Pintomeirae a fotografia

Pintomeira com a fotografia

É remoto o Verão de 1826. Mas a janela do sótão de Nièpce continua escancarada, cintilante de um espírito nómada do pensamento, que tropeça na objectiva do Autor.
Quando Pintomeira me interpela para fazer um texto para a sua exposição da sua obra fotográfica, tal como num clic, inundam-me a mente : humildade, desenhar com luz e terminologia.
Para os que têm acompanhado a obra do Autor, quiçá, também para os que desafiamos a fazer esse exercício, saberão que o imagético das Artes nasceu, visceralmente, para Pintomeira no Cinema, com particular destaque na Fotografia, de onde decorre para a Pintura.
Este “retrocesso”, não é mais do que uma atitude reveladora de um exíguo contador de estórias, num pretexto para redescobrir discursos inusitados e silenciosos, que pressupõem confessante arte de evoluir, enraizando o fulgor do desdobramento. Enriquece-se e enriquece-nos, num propósito austero, mas não caustico, de resgatar novas linguagens que capacitam novos mundos, tantas vezes ignorados.

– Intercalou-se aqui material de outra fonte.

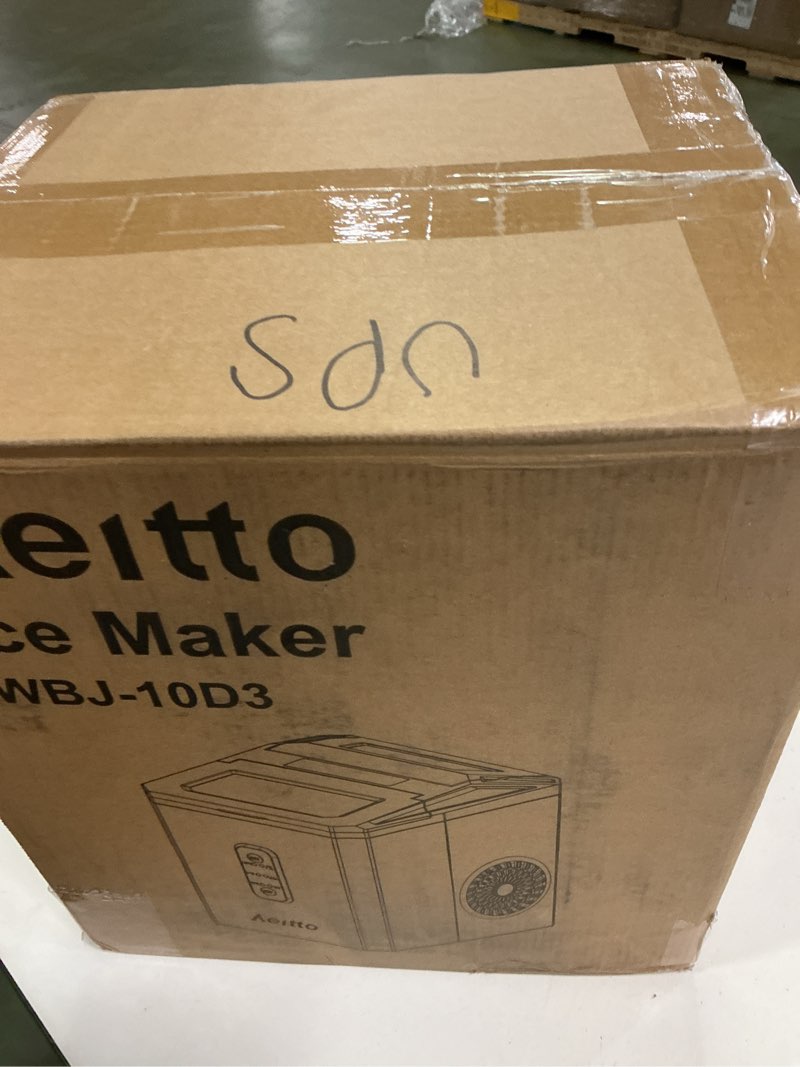 Condition photo showing New/Like New for AEITTO ICE MAKER COUNTERTOP Black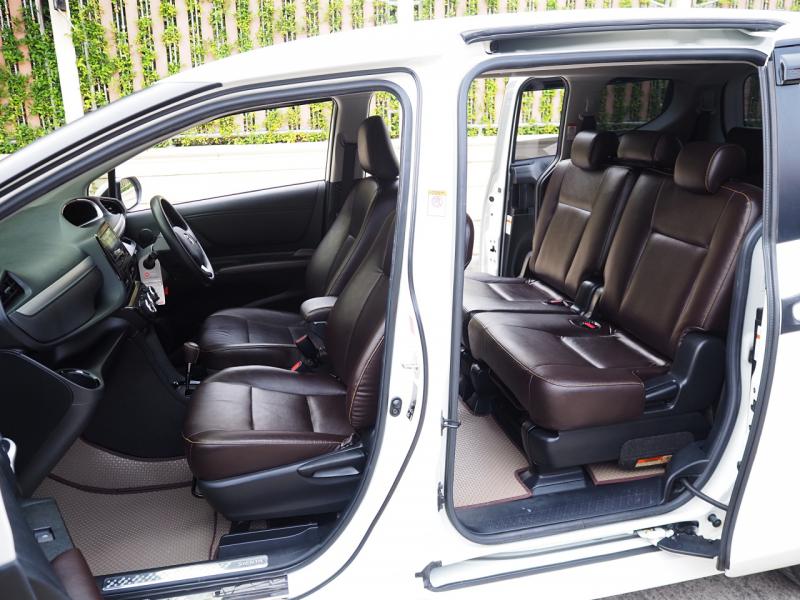 TOYOTA sienta 2017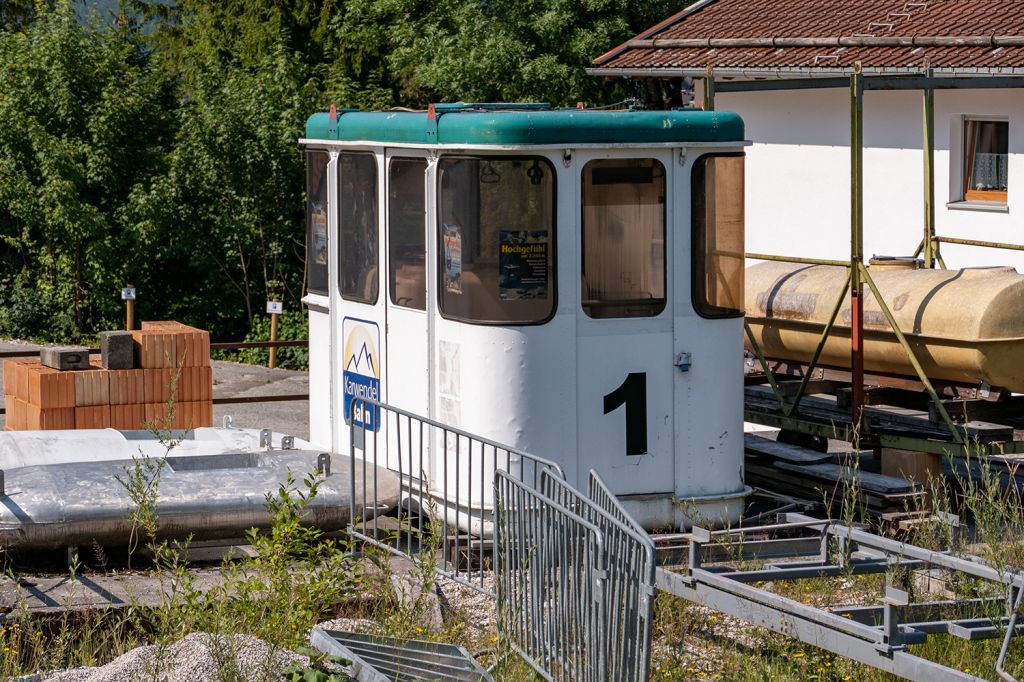 Alte Gondel der Karwendelbahn - Bis 2011 waren diese Gondeln der Karwendelbahn im Einsatz. - © alpintreff.de - Christian Schön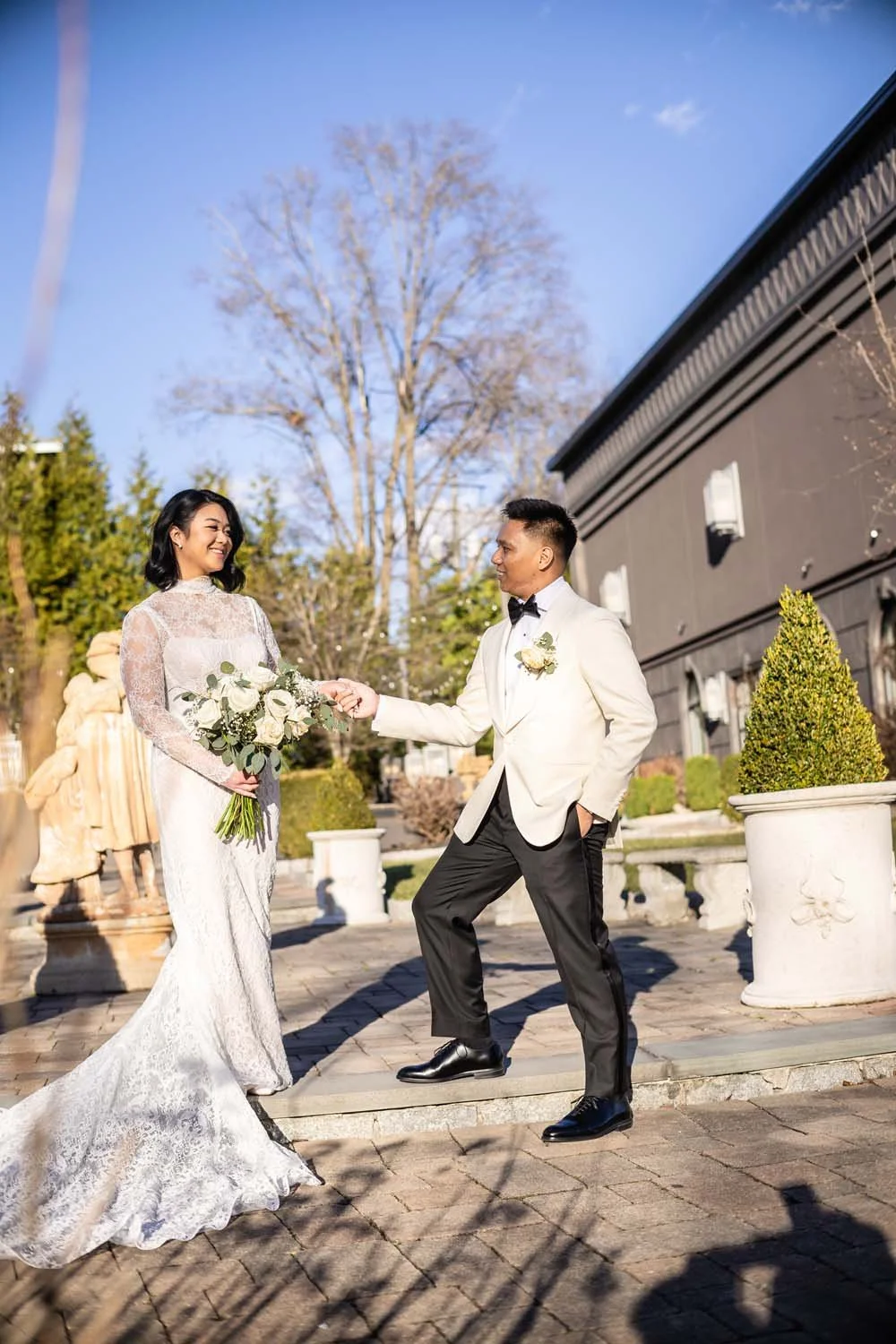 High-Neck Lace Wedding Dresses: Vintage Elegance for the Modern Bride
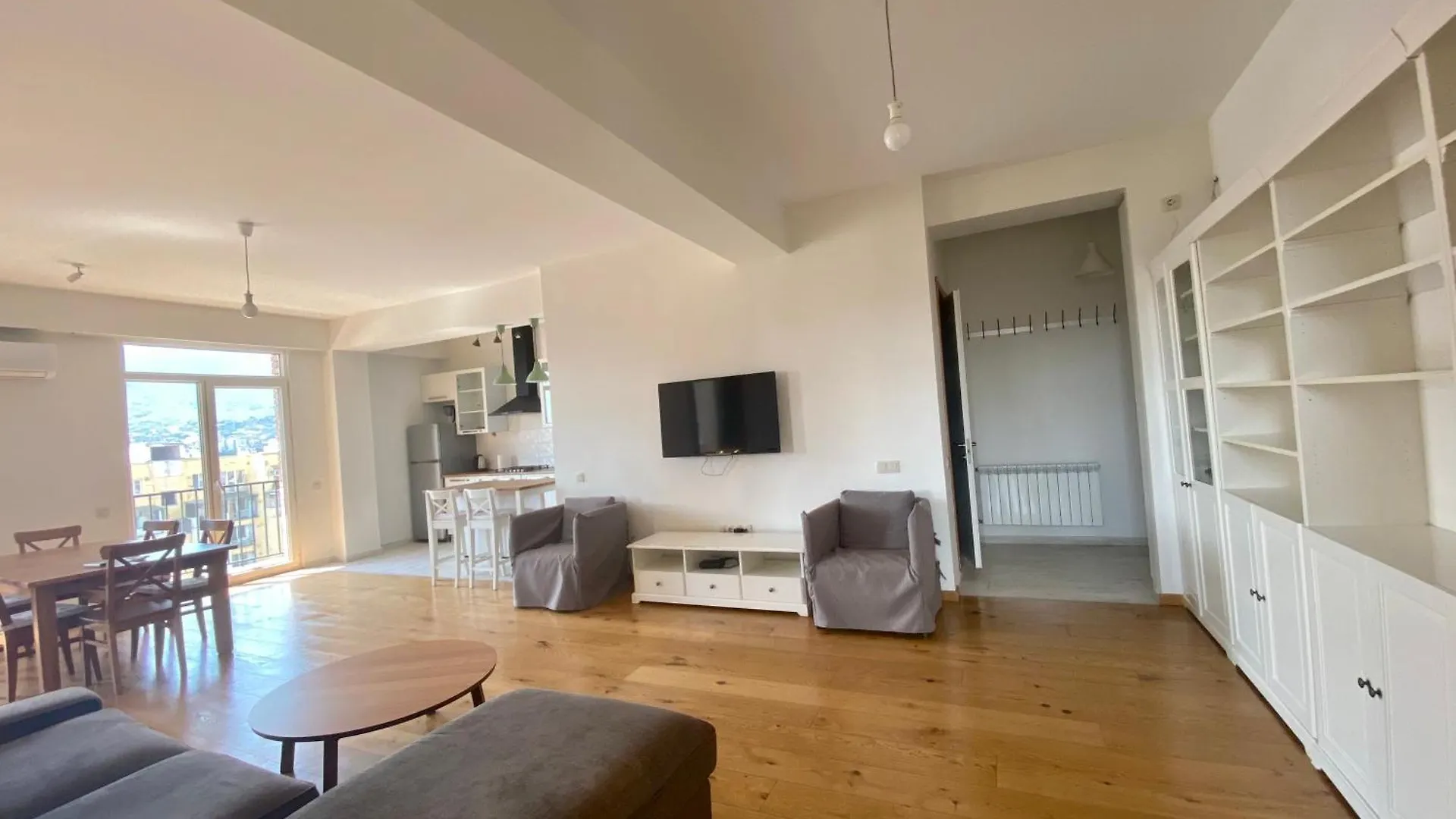 Bright 2Br With Views & Parking Apartman Tbiliszi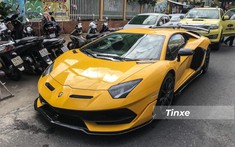 Nóng: Mới lộ ảnh về Việt Nam, Lamborghini Aventador SVJ màu vàng đã có mặt trên đường phố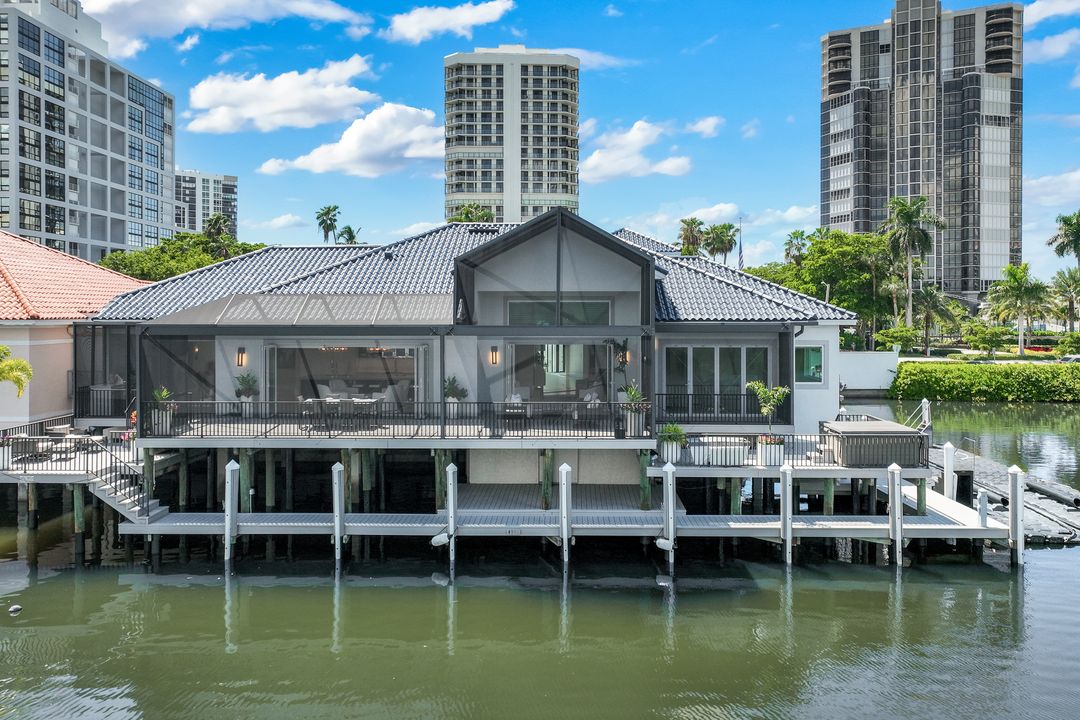 4900 Gulf Shore Blvd N, Naples, FL 34103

Desenhar com luz remete-nos à Antiguidade, aos tempos de Aristóteles, quando químicos e alquimistas buscavam fenómenos de produção de imagens. Diz-se, no entanto, que o mais antigo esquema de uma câmara é de origem árabe.
“Se a luz é a matéria prima da fotografia, o tempo é a sua alma, tal como nos define Dante Gastaldoni. E acrescenta:” Em um dos possíveis percursos o foco estará no tempo cronológico, centrando em alguns momentos cruciais da história da fotografia e seus desdobramentos económicos e estéticos. Outro caminho, o do tempo fragmentado, permitirá discorrer sobre a especificidade da linguagem fotográfica, quando comparada às demais expressões artísticas engendradas pelo espirito humano. Um último trajecto, o do tempo social, percorrerá, a passos largos, a relação entre ideologia e fotografia, de modo a constatar a substancial mudança que os últimos 170 anos imprimiram na face do mundo, configurando o que Roland Barthes classificou como a Civilização da Imagem.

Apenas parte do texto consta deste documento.